§ **SOURCE INFORMATION**:
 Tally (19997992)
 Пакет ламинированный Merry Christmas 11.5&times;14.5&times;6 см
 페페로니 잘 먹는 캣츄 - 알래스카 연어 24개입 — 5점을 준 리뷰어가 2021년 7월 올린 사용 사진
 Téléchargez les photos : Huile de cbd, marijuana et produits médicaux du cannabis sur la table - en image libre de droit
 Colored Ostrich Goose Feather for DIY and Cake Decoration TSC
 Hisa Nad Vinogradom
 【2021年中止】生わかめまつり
==
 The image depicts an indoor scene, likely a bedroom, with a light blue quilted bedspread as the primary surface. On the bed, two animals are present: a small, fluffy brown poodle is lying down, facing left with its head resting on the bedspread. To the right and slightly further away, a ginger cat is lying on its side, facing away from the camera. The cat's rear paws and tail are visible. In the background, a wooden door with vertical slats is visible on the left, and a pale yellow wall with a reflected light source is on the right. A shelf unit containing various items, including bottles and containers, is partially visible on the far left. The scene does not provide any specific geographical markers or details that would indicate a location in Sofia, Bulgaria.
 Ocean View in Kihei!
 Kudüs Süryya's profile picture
...
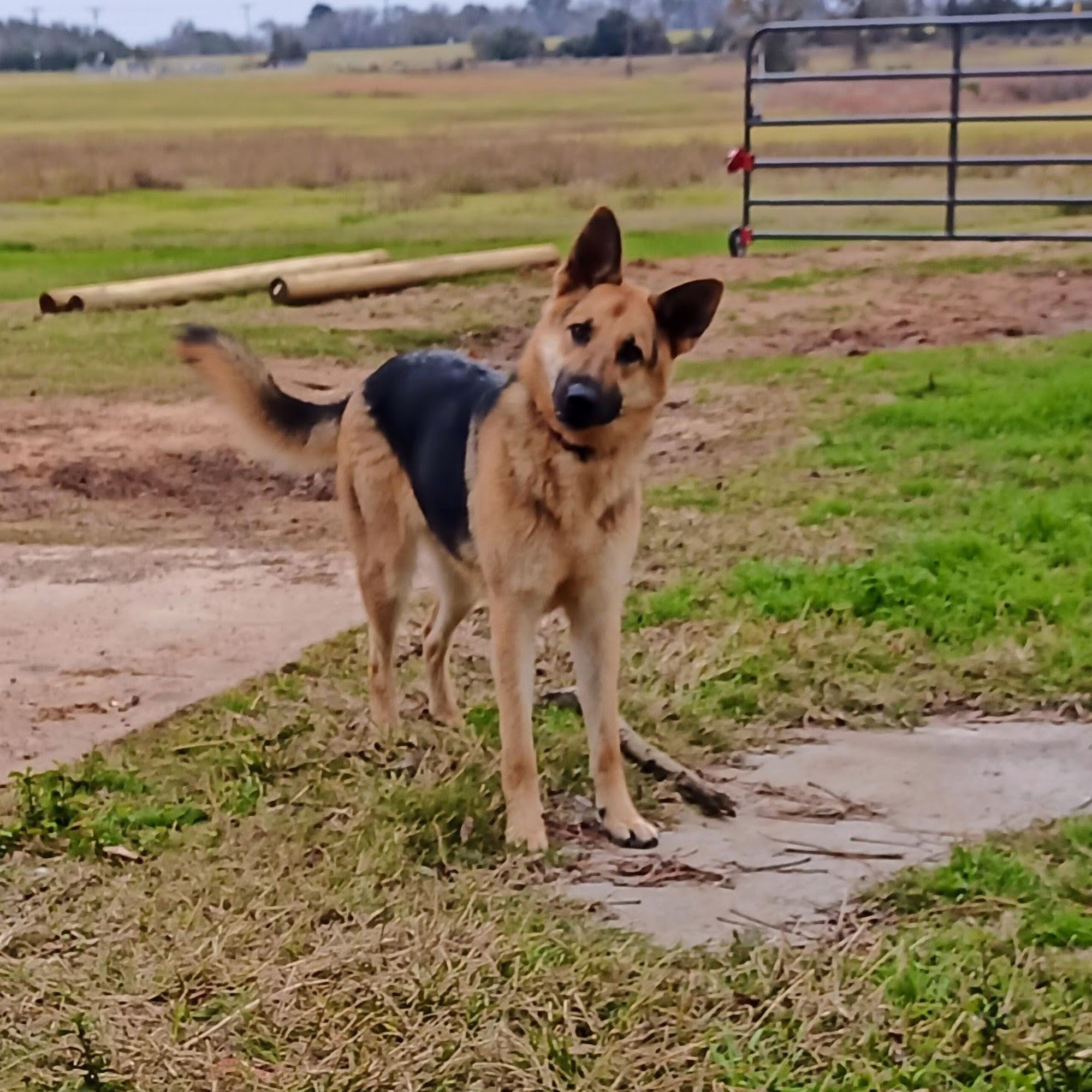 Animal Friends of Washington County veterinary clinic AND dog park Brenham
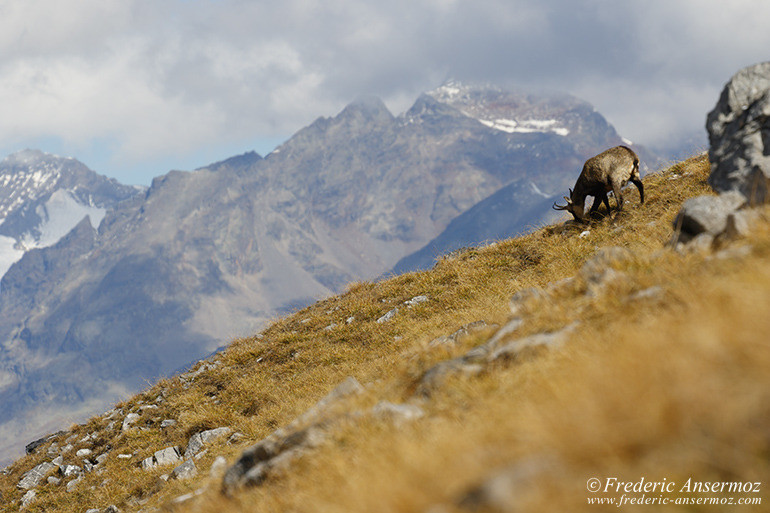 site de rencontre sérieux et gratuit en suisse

§ **THE TASK**: Using the listing above, gather each line that holds the string "image" and copy it.

§ **SOLVED EXERCISE**:
 Téléchargez les photos : Huile de cbd, marijuana et produits médicaux du cannabis sur la table - en image libre de droit
 The image depicts an indoor scene, likely a bedroom, with a light blue quilted bedspread as the primary surface. On the bed, two animals are present: a small, fluffy brown poodle is lying down, facing left with its head resting on the bedspread. To the right and slightly further away, a ginger cat is lying on its side, facing away from the camera. The cat's rear paws and tail are visible. In the background, a wooden door with vertical slats is visible on the left, and a pale yellow wall with a reflected light source is on the right. A shelf unit containing various items, including bottles and containers, is partially visible on the far left. The scene does not provide any specific geographical markers or details that would indicate a location in Sofia, Bulgaria.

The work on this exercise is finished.